Pictures aside, the output must consist of the lines from the one containing "30/10/1 Pieces Of" through the end of the data, reproduced exactly.

**Material to process:**
==*==
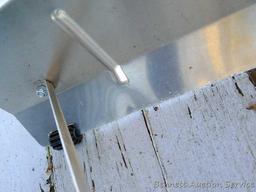 Roof rake has a 24" head; three poles are each about 5' long.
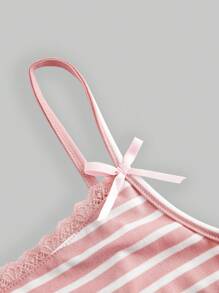 Strawberry Shortcake | ROMWE Plus Size Strawberry Crisp & Striped Pattern Cute Cami Top - Pink - View 4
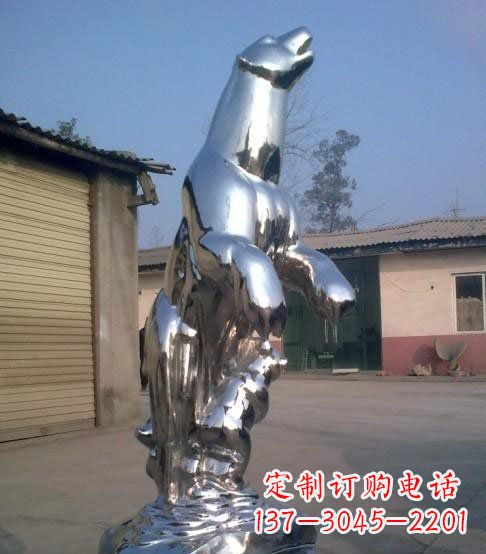 宁波公园不锈钢抽象北极熊动物雕塑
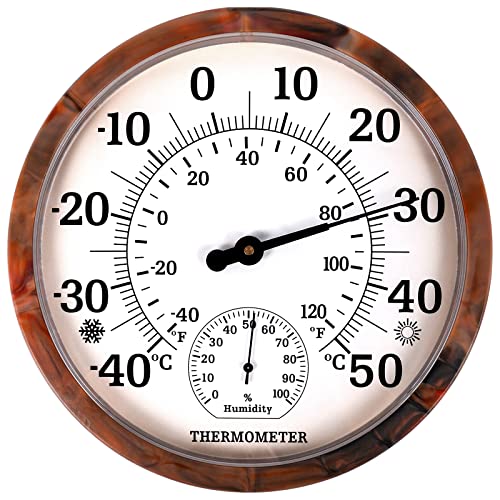 Indoor Outdoor Thermometer Hygrometer - 10 Zoll Außenthermometer Große Zahlen, 2 in 1 Thermometer Hygrometer, Außenthermometer für Terrasse...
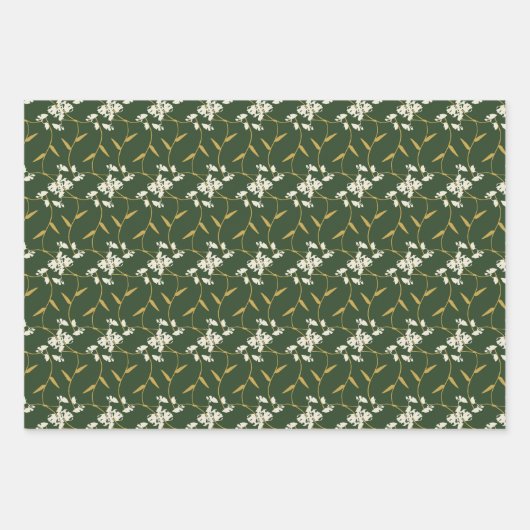 Vrolijke Regal Bloemen Helder Rood, Groen, Ivoor Inpakpapier Vel (Voorkant 3)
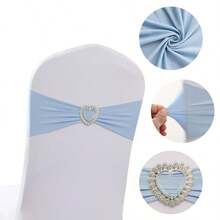 30/10/1 Pieces Of Spandex Elastic Chair With Bow Tie For Wedding Reception - Universal Elastic Chair Cover Strap, Buckle Slider Suitable For Decorating Chair Waistband, Birthday Party, Wedding Party, On-Site Chair Backrest Decoration And Fixation For Banquets, Parties, Hotel Events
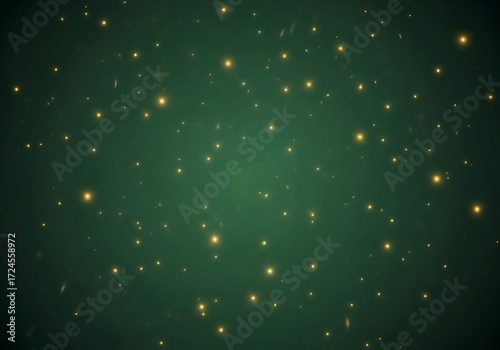 Abstract festive dark green background with sparkling golden points of light shining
==*==
**Written response:**
 30/10/1 Pieces Of Spandex Elastic Chair With Bow Tie For Wedding Reception - Universal Elastic Chair Cover Strap, Buckle Slider Suitable For Decorating Chair Waistband, Birthday Party, Wedding Party, On-Site Chair Backrest Decoration And Fixation For Banquets, Parties, Hotel Events
 Abstract festive dark green background with sparkling golden points of light shining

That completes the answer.